One of my New Year’s resolutions was to start a Substack.
I jotted it down on a Sunday afternoon, sitting at our little backyard bistro table—a wooden three-piece foldable set we’d finally settled on after months of debating the perfect patio furniture.
That morning, I’d gone to a Pilates class in Topanga, having recently discovered a new studio I loved (a resolution for health: take more Pilates classes), wandered into a groovy little crystal shop and picked up a deck of tarot cards (a resolution for intuition: teach myself to read tarot), and returned home to bask in the pale winter sunlight, letting tendrils of steam rise from my favorite coffee mug—the one I’d found last summer on a Greek island (a resolution for love: learn to speak Greek).
It was January 5, 2025. Two days before the fire.
The garden was alive around me—a jacaranda tree that had become home to a raccoon, a birdhouse hand-painted by the children who lived there before us, and sprawling beds of native flowers drew bees and butterflies. It was this quiet abundance, the steady hum of life, that I treasured most about our home.
We had moved into our Pacific Palisades home ten months earlier, and I had fallen in love with the space instantly. I’d even hugged the tree in the backyard when we moved in.
That January afternoon, the camellias planted alongside the white brick retainer wall were just beginning to bloom, soft and pale pink. Camellias are interesting in that way—they are one of the rare flowers that don’t chase the sun. They bloom in winter, only revealing their true beauty on colder and darker days.
I’d like to think humans, in our more virtuous states, are like that too. It’s not in the warmth of the summer that many of us unfurl into our glory, but in the winters of our lives.
But back to the Substack—
I imagined my Substack as a place to gather all these threads together—stories set against the backdrop of California’s wild coastline and the sun-drenched shores of the Mediterranean; two cultures that had quietly woven themselves into my everyday life.
I’m a writer, and a fifth-generation Californian—specifically, a fifth-generation Angeleno; the great-great-granddaughter of Irish immigrants who arrived in Los Angeles in the 1880s and planted orange groves in the fertile soil before the movie studios came and paved it all over.
What’s a California girl doing writing about the Mediterranean?
It’s a fair question.
If my journalism degree taught me anything, it’s that credibility is the backbone of any good story. And so, with full disclosure: I was born with a weakness for the Mediterranean—for the olive groves, the sea, the charming and handsome men. (Not necessarily in that order.)
Which brings me to Leo: a Greek from Athens, who immigrated to California with an engineering degree, impeccable work ethic, and an appreciation for Los Angeles’s year-round sunshine and exceptional motorcycle riding.
Our first date was breakfast in Malibu.
Leo picked me up in his car, and we drove up Pacific Coast Highway, the ocean stretching out beside us. We wound our way through twisting canyon roads and ended up at The Old Place—a creaky wooden saloon tucked into the Santa Monica Mountains that served as a regular stop for motorcyclists and vintage car enthusiasts.

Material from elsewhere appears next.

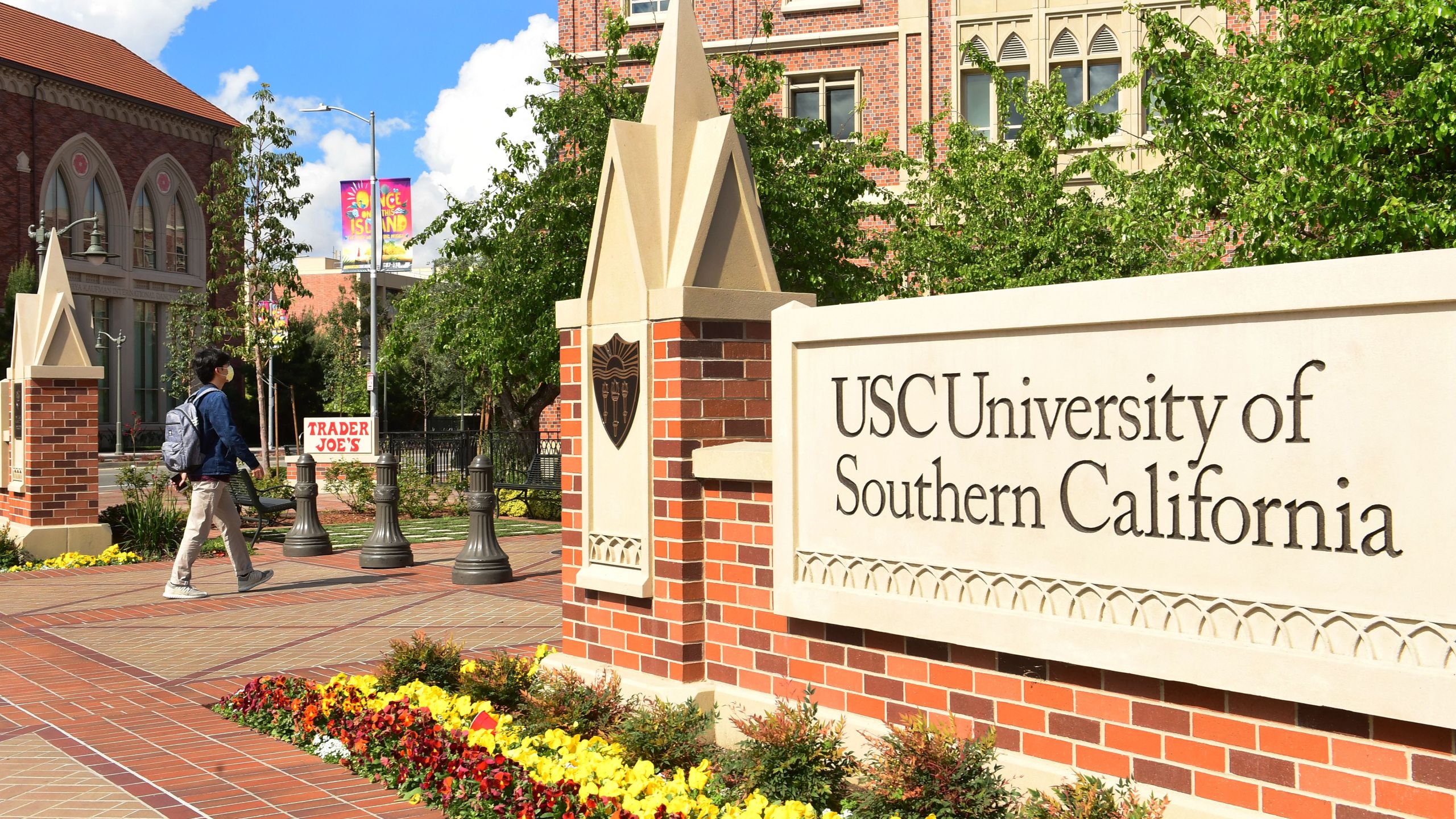 The University of Southern California (USC) in Los Angeles, California. (FREDERIC J. BROWN/AFP via Getty Images)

Leo didn’t know it then, but it was the same place my grandfather used to take my dad for breakfast when he was a little boy, back in the 1970s when the San Fernando Valley still smelled like orange groves and dust.
We sat on the restaurant’s porch under sprawling oak trees, balancing two massive takeaway containers—scrambled eggs, greasy slabs of bacon, and black coffee so strong it could gas up a truck. It was a far cry from the gluten-free avocado toast and green juice fare characteristic of LA—and it was unapologetically, gloriously delicious.
“Motorcycles are an important part of my life,” Leo said seriously, his Greek accent thick, taking a swig of his coffee. “Any woman in my life must accept that.”
I smiled back, matching his seriousness with my own brand of West Coast cool. “The ocean is very important to me,” I said. “Any man in my life must accept that.”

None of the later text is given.